• _What to do_:
Copy the listing exactly, please, and keep every picture out of it.

*** Opening of Dataset excerpt ***

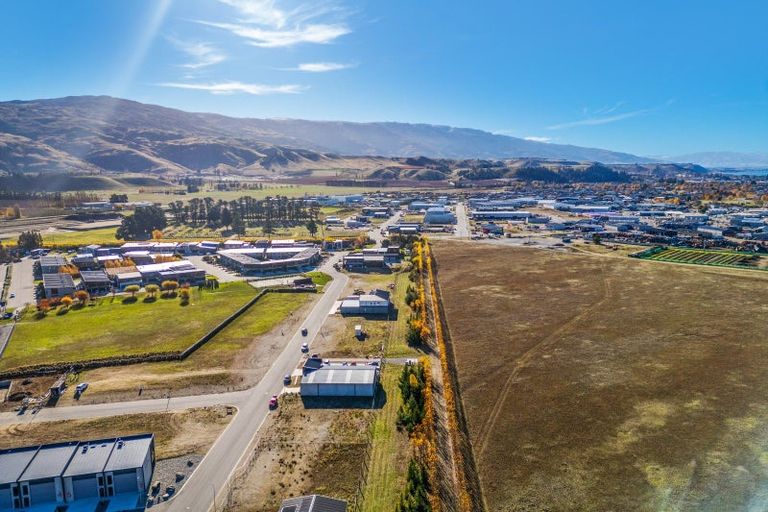 Photo of property in 18 Quinns Way, Cromwell, 9384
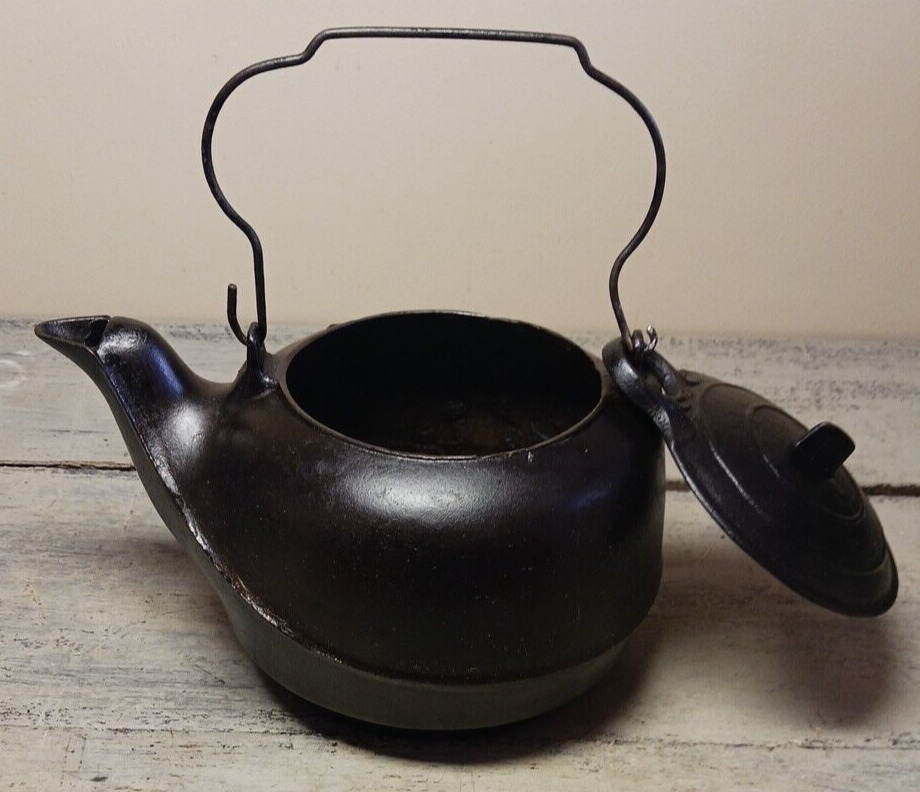Antique 1800's Large Cast Iron Tea Kettle 10+lb. Bail Handle Gate Mark No Holes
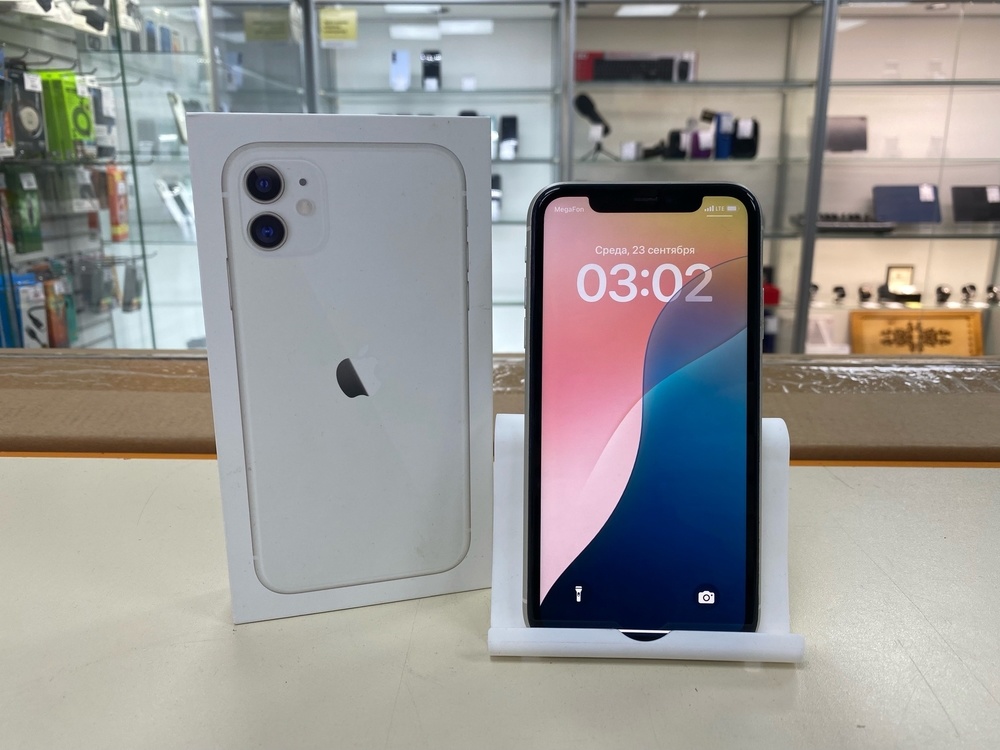 Смартфон Apple iPhone 11 64Gb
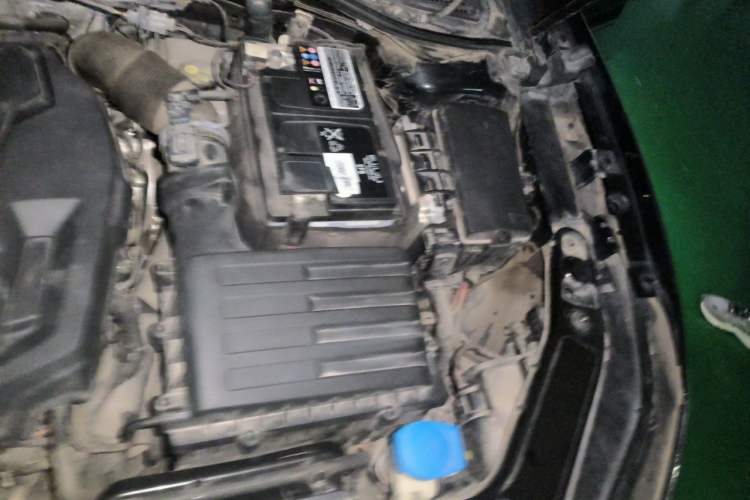 Used Volkswagen Passat 2019 330TSI Prestige Edition China VI Standard Engine Bay Left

*** Close of Dataset excerpt ***

• _Response to this exercise_:
 Photo of property in 18 Quinns Way, Cromwell, 9384
Antique 1800's Large Cast Iron Tea Kettle 10+lb. Bail Handle Gate Mark No Holes
 Смартфон Apple iPhone 11 64Gb
 Used Volkswagen Passat 2019 330TSI Prestige Edition China VI Standard Engine Bay Left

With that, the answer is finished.